Начались судорожные попытки спасти газету. Часто мелкие, лихорадочные. Прибегли, например, к помощи известных художников, подаривших редакции некоторые свои картины. Коллекцию потом купил для городского музея нижегородский губернатор Борис Немцов. Но деньги, вырученные за картины, очень быстро кончились, что дальше?
Хватались за что угодно, брали любые подачки, затевали различные аукционы – газета пригласила читателей выставлять на них ценные книги, фарфор, редкие документы. Но всё это приносило лишь жалкие гроши.
В «Стёжках-дорожках» я писал, что приёмный сын ленинского соратника Бонч-Бруевич, ставший заместителем Удальцова, был дружен с весьма влиятельными людьми. Газету, как видим, это не спасло. Продолжаю цитировать Алика Борина:
Намерение купить газету вроде бы высказал Владимир Гусинский. Но не договорились, Удальцова что-то не устроило. Зато спелись с людьми совершенно случайными. Сотрудникам редакции объявили, что газету покупает банк Менатеп: будут деньги, встанем на ноги. Помню бурное собрание редакционного коллектива, на котором Удальцов изо всех сил продавливал нужное ему решение. Выступавшие говорили, что всё это очень подозрительно, редакции нельзя терять статус юридического лица, обещанные златые горы весьма сомнительны. Так и оказалось: полный блеф.

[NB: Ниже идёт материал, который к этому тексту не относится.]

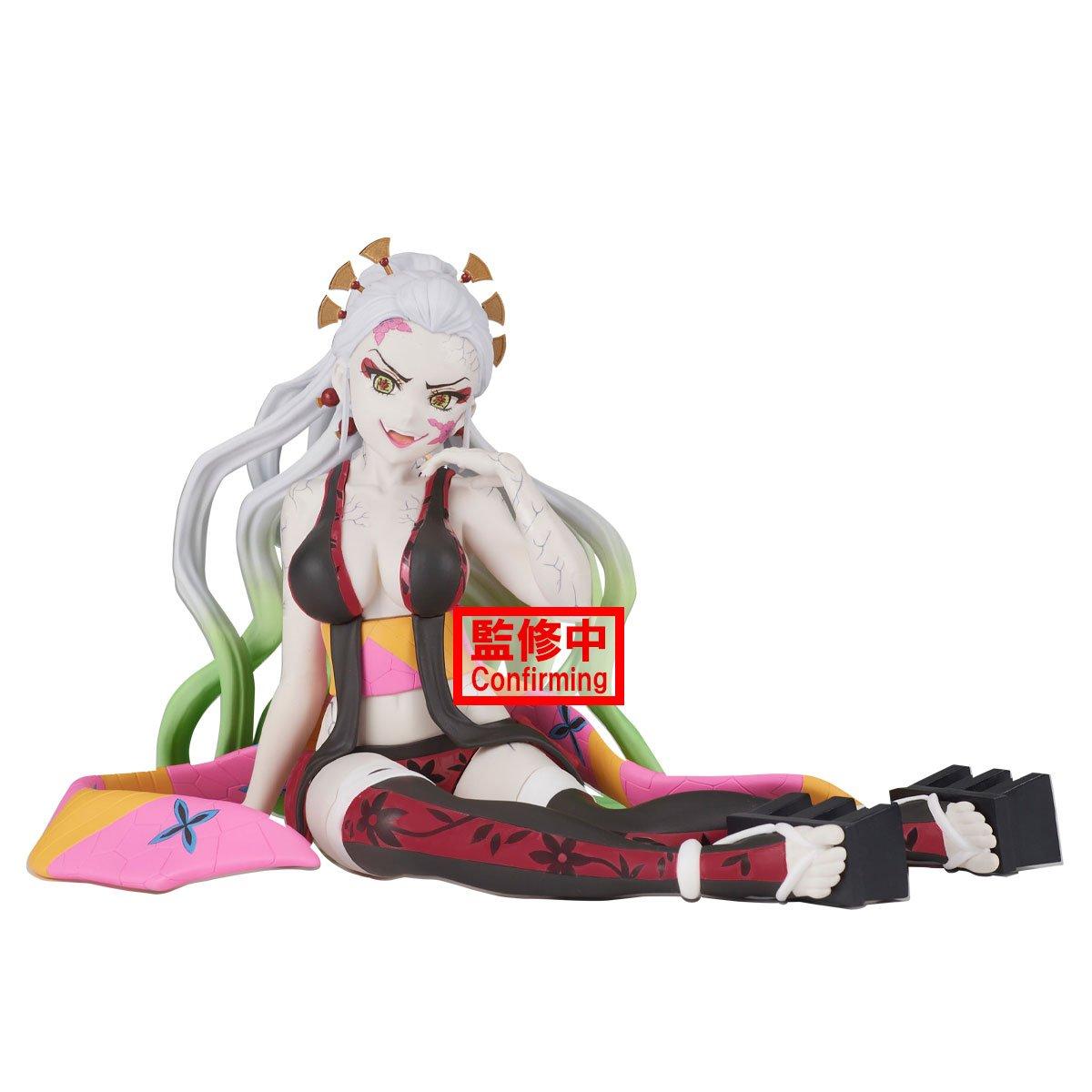 daki sex doll Demon Slayer: Kimetsu no Yaiba Vibration Stars Daki: Banpresto main image 0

И блеф, замечу от себя, был, можно сказать, запрограммирован Удальцовым, но скрыт им от коллектива:
Газету практически приобрёл не банк, а некто Костин, прикрывающийся именем этого банка. Определённую роль, видимо, сыграло то обстоятельство, что в банке работала тогда его жена, Ольга Костина.
Денег у нового хозяина то ли не было, то ли он их не стал вкладывать в газету, во всяком случае она продолжала выходить по инерции, без зарплаты сотрудникам, без гонорара её авторам. Через некоторое время Ольга Костина со скандалом ушла из банка, перешла в московскую мэрию, и муж её Константин Костин, председатель совета директоров ЗАО «Издательский дом “Литературная газета”», за хорошую сумму перепродал газету известной московской коммерческой организации «Система».

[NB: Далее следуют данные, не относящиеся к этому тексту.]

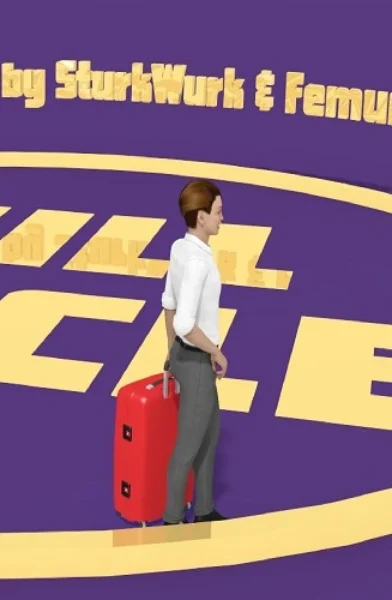 SturkWurk and Femur - Full Circle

Константин Костин сейчас начальник Управления президента России по внутренней политике. В то время, о котором пишет Борин, он был начальником управления рекламы банка «Менатеп», имел отношение к ЮКОСу, как, впрочем, и его жена Ольга Костина, о которой в той же книге Пишет Борин:
Пройдёт время, и Ольга Костина предстанет потерпевшей по очень сомнительному уголовному делу: якобы один из работников ЮКОСа Пичугин по наущению своего начальника Невзлина устроил взрыв возле её квартиры. Дело это будет шито белыми нитками, доказательства станут разваливаться одно за другим, однако Пичугин получит 20 лет строгого режима, а ОльгаКостина замелькает на экране телевизора и на страницах газет, взахлёб станет рассказывать, как покушались на её жизнь злыдни из ЮКОСа.
А ведь Александр Борин, помимо того, что обладает хорошим литературным слогом, является ещё и прекрасным юристом. Причём неподкупно принципиальным. Именно он первым выступил в газете со статьёй, где доказывал, что популярные тогда у общественности работники прокуратуры Т. Гдлян и Н. Иванов не добывают, а выбивают показания из подследственных по так называемому «узбекскому делу». Так что «шито белыми нитками» о деле Пичугина сказано профессионалом.
Что стало с Удальцовым, известно. До недавнего времени он профессорствовал в университете при «Литературной газете». Так что получил, в отличие от многих, какие-то отступные. И весьма бесславно закончил свою журналистскую карьеру: продал газету, которую его преемники умертвили!